Charleston Juvenile Criminal Defense lawyer
Charleston Juvenile Criminal Defense Lawyer
Are juvenile cases different?
Juveniles who are charged with a criminal or status offense (runaway, truancy) in Charleston, SC are treated differently than adults. In South Carolina, the Family Court has jurisdiction over the case. However, certain crimes may be remanded to adult court where the case will be heard in general sessions. Because Juveniles are treated differently it’s important to have an experienced Charleston Juvenile CriminalDefense Lawyer to help with your child’s case.
What age is a juvenile?
In South Carolina for the purposes of the juvenile system a child means less than seventeen (17) years of age.
What happens when a child is arrested?
Any person who believes that a child has committed a criminal or status offense, typically law enforcement, will prepare a petition which is a formal document that lists:
- The facts;
- The Child’s name, age, and address;
- Name and addresses of the child’s parents.
After the petition is filed, the child and the child’s parents are notified of the charge(s) and a court date is set for the adjudicatory hearing. Juvenile cases move very fast compared to criminal charges in the criminal adult system (general sessions).
What happens when a child is taken into custody?
A child may be taken into custody, similar to the adult system, but they will be held in a juvenile facility not with adults. The decision to take a child into custody is solely in the discretion of law enforcement.
Do juveniles have Miranda rights?
Yes, when taken into custody, a child has the same rights as an adult when it comes to police questioning. That includes Miranda warnings and the 5th Amendment right against self-incrimination.
There is no law requiring the child’s parents to be present during questioning. So somehow a child being subjected to questioning from adults who are trained law enforcement officers is suppose to be able to know their rights and then have the ability to exercise them in the face of that pressure.
What is detention?
When a child is taken into custody by law enforcement, the arresting officer decides whether to release the child to a parent or guardian or detain the child in a juvenile facility. A child can only be detained if they are accused of a violent offense (defined by statute), had possession of a deadly weapon, or has no suitable placement options.

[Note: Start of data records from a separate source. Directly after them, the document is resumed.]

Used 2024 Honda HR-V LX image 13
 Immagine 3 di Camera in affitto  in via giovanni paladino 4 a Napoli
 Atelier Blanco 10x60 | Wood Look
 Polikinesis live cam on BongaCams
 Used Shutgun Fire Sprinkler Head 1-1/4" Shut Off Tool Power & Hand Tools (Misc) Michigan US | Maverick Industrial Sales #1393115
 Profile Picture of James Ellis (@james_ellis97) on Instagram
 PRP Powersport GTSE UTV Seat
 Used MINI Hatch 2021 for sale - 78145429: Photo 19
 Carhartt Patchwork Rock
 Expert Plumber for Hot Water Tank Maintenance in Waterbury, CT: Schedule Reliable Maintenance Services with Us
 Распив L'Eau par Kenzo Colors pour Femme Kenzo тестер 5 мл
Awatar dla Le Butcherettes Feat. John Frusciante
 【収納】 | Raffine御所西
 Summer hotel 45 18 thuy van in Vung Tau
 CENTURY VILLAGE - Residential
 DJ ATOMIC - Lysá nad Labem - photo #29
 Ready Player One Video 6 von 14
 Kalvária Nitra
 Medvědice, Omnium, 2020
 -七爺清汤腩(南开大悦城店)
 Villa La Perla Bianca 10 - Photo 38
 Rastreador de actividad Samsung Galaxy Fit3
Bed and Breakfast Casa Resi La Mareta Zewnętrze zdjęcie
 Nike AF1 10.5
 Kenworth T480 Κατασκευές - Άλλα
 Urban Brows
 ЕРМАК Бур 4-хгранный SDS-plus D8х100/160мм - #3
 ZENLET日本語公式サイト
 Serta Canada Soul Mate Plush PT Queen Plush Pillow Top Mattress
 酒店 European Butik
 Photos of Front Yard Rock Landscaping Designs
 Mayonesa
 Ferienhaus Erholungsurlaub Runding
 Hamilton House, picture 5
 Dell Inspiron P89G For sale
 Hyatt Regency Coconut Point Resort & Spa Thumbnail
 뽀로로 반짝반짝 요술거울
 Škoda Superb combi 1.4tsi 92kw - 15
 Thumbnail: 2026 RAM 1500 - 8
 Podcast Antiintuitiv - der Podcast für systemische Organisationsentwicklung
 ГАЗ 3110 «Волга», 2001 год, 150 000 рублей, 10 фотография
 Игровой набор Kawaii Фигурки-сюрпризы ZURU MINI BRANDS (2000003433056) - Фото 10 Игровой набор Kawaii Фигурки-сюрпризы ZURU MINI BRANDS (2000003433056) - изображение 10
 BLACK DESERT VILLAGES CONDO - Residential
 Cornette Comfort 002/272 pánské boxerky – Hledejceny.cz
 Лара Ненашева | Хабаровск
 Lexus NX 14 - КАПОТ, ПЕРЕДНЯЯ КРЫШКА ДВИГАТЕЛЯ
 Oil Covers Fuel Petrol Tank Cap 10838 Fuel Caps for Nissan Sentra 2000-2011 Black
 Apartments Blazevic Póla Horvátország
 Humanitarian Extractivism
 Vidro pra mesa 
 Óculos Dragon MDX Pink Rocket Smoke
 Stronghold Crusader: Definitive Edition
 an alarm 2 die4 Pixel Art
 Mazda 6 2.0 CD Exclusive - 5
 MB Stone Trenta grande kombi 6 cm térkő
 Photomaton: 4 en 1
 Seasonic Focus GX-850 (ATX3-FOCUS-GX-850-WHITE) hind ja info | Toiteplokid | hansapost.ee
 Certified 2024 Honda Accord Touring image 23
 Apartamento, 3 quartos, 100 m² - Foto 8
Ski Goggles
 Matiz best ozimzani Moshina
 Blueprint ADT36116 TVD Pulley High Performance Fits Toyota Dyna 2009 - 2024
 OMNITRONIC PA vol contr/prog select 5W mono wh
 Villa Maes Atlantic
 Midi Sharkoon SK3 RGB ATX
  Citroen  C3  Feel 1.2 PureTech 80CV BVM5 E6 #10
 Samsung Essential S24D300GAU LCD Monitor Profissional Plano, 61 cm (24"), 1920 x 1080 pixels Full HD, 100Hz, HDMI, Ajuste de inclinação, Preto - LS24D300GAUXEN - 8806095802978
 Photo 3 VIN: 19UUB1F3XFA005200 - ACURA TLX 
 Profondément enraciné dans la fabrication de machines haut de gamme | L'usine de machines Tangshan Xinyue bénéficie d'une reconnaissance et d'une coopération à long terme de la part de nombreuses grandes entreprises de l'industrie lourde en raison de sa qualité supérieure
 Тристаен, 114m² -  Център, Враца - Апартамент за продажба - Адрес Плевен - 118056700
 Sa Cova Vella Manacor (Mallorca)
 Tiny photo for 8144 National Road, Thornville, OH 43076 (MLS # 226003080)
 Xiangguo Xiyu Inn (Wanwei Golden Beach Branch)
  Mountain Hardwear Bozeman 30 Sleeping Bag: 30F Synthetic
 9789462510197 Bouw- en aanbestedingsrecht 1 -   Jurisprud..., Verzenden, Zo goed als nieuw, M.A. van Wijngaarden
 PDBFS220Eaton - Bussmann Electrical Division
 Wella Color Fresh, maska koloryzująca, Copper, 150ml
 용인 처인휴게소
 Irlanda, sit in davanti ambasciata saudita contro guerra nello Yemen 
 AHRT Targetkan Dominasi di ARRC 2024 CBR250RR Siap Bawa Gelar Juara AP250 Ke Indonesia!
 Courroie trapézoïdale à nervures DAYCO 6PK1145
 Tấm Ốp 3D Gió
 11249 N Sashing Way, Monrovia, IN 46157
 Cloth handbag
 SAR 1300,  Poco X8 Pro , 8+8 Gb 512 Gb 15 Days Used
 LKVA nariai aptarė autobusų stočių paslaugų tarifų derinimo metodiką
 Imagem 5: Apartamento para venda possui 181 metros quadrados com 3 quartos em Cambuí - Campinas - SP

What is a detention hearing?
A child that is detained must have a detention hearing in family court within 48 hours from the time they were taken into custody (excluding weekends and holidays).
A lawyer will be appointed if one is not already retained. A representative from the DJJ (Department of Juvenile Justice) will be present and make a recommendation to the court, however the court is not required to follow that recommendation. At the conclusion of the detention hearing the judge will determine:
- whether probable cause exists to justify the detention of the child;
- Is it appropriate to detain the child further.
A child that is ordered detained is entitled to another hearing within ten (10) days following the initial 48 hour hearing, and within thirty (30) days following the ten day hearing.
A child must not be detained greater than 90 days absent exceptional circumstances.
When referred for prosecution, a child will go through a screening process that independently assesses the needs of the child. A caseworker will provide information to the parents about the system and will also attempt to identify appropriate services that may be available.
If the child meets certain criteria, the solicitor may allow the child’s case to be diverted from the juvenile justice system and instead of being prosecuted the child will enter a diversion program such as arbitration, pre-trial intervention, or a mentor program.
Can a juvenile be charged as an adult?
Yes, under certain conditions. A juvenile case can be waived and prosecuted as an adult. This is determined by the age of the child and the type of crime the child is accused of committing.
What is an adjudication?
At the adjudication hearing, the child is determined to be guilty or innocent of the charged offense. At this stage the child will either admit or deny the allegations in the petition.
Entering a plea in the juvenile system is very similar to the adult system. A child’s attorney may enter into negotiations with the prosecutor that could include a reduction in the charge, dismissal of one or more charges, or an agreement to probation. When a child enters a guilty plea the judge must be satisfied that it is entered into voluntarily.
What is an adjudicatory hearing?
If the child denies the allegations in the petition an adjudicatory hearing is held in front of the family court judge similar to a trial. The standard is proof beyond a reasonable doubt, the same as an adult court. There is no jury and after the trial the judge will either make a finding of guilt and adjudicate them or find them innocent based on the facts. An adjudicated delinquent finding will not result in a criminal conviction. The hearings are closed to the general public.
The majority of children adjudicated are placed on probation but that is not a guarantee. If probation is ordered then the terms of that probation will be set and the child will be required to follow the term for that period.
Expungement of a juvenile’s record
Upon reaching 18 years of age a child that was adjudicated delinquent may petition the court for an order destroying all official records, commonly called an Expungement. The granting of this is at the court’s discretion and will only do so if the child has successfully completed any sentenced imposed, has not be rearrested for a criminal offense.